Dans le double contexte de crise sanitaire et de lutte contre le changement climatique, la création d’un parquet vert européen permettrait d’afficher plus clairement encore la volonté des Européens de faire de la protection de l’environnement une de leurs grandes priorités d’action pour les prochaines décennies. Une fenêtre s’ouvre avec la révision en cours de négociation de la directive de 2008 relative à la protection de l’environnement par le droit pénal. L’extension des compétences du parquet européen aux infractions environnementale serait d’autant plus pertinente dans la mesure où la convention judiciaire d’intérêt public et les procédures de compliance ont été étendues aux questions environnementales. L’Europe et l’écologie sont au cœur de nos préoccupations. En écho aux aspirations des jeunes générations pleinement engagées dans la cause environnementale, nous devons voir plus loin et œuvrer pour donner une nouvelle dimension à la justice pénale européenne. Cette démarche est aussi un message d’espoir.

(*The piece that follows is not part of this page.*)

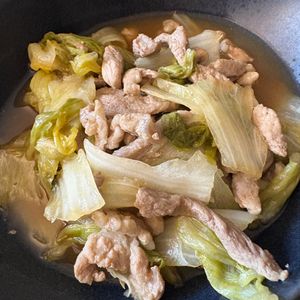 Rikoの作ってみた!投稿(【豚しゃぶレタスのポン酢だれ】食材2つ！10分さっぱりおかず)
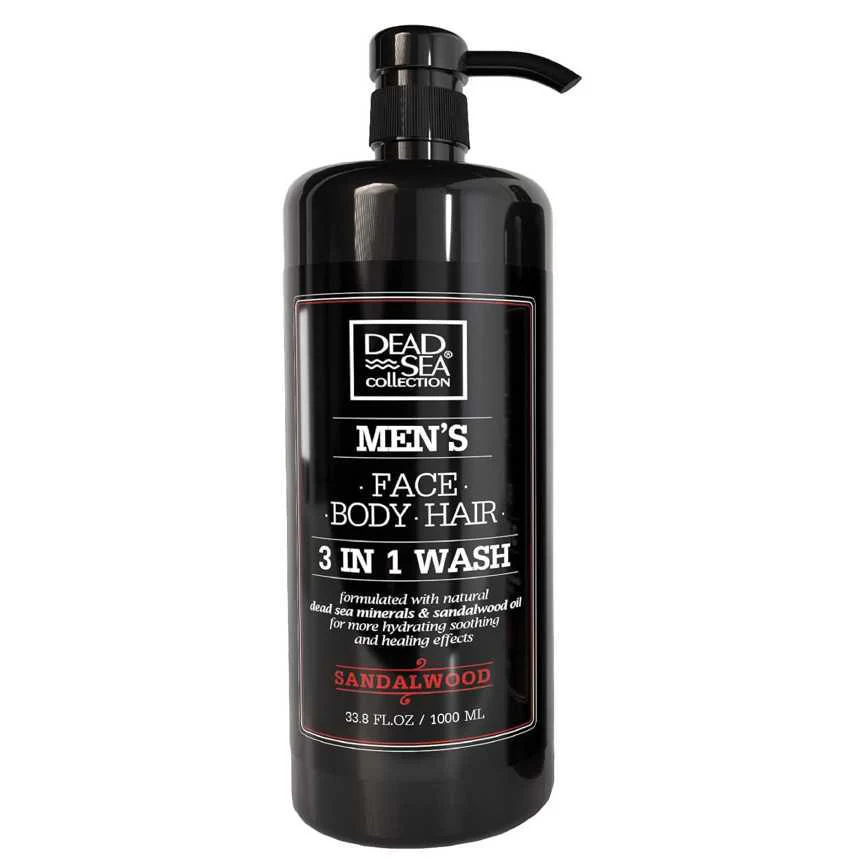 Dead Sea Collection Men's 3-in-1 Face, Body, Hair Wash 33.8 oz. - Image 3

Pour toutes ces raisons, nous vous proposons d’étendre les compétences du Parquet européen à la criminalité environnementale.

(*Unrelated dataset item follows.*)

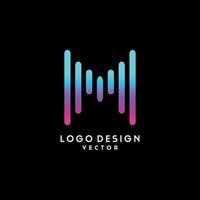 vetor de modelo de logotipo de letra m abstrato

proposition de résolution europÉenne
Article unique
L’Assemblée nationale,
Vu l’article 88‑4 de la Constitution,
Vu l’article 151‑5 du Règlement de l’Assemblée nationale,
Vu le Traité sur l’Union européenne et le Traité sur le fonctionnement de l’Union européenne,
Vu le règlement (UE) 2017/1939 du Conseil du 12 octobre 2017 mettant en œuvre une coopération renforcée en matière d’établissement du Parquet européen,
Vu la directive 2008/99/CE du Parlement européen et du Conseil du 19 novembre 2008 relative à la protection de l’environnement par le droit pénal,
Vu le règlement (CE) n° 1013/2006 du Parlement européen et du Conseil du 14 juin 2006 relatif aux transferts de déchets,
Considérant l’ampleur et la progression de la criminalité environnementale ;
Considérant la dimension souvent transfrontalière de cette forme de criminalité ;
Considérant la gravité des dommages causés par ces atteintes à l’environnement sur les écosystèmes et la santé humaine ;
Considérant le caractère potentiellement irréversible de ces atteintes ;
Rappelant le rôle essentiel du Parquet européen dans la lutte contre les infractions pénales portant atteinte aux intérêts financiers de l’Union européenne,
Rappelant les possibilités d’élargissement des compétences du Parquet européen prévues dès sa conception,
Soulignant la nécessité d’une approche coordonnée pour faire face aux activités criminelles transfrontalières liées à l’environnement,
Soulignant la nécessité d’améliorer la mise en œuvre et l’application de la législation environnementale de l’Union,
Soulignant la nécessité d’augmenter le budget et les effectifs du Parquet européen pour lui permettre d’être un régulateur crédible dans tous ses domaines de compétence,
Invite à lutter plus activement et collectivement contre les formes graves de criminalité environnementale revêtant une dimension transfrontière ;
Appelle les États membres à reconnaître la criminalité environnementale comme une menace réelle et sérieuse nécessitant une réponse judiciaire efficace et coordonnée au niveau européen ;
Appelle à renforcer la coopération entre les États membres en matière de collecte et d’échange d’informations sur les affaires de criminalité environnementale, afin de faciliter une réponse judiciaire rapide et efficace ;
Souhaite la création d’un Parquet européen vert, moyennant l’extension des compétences du Parquet européen conformément à l’article 86, paragraphe 4, du Traité sur le fonctionnement de l’Union européenne ;
Insiste sur la nécessité de communiquer plus activement sur les missions du Parquet européen pour que celles‑ci trouvent un écho chez les citoyens des pays membres de l’Union.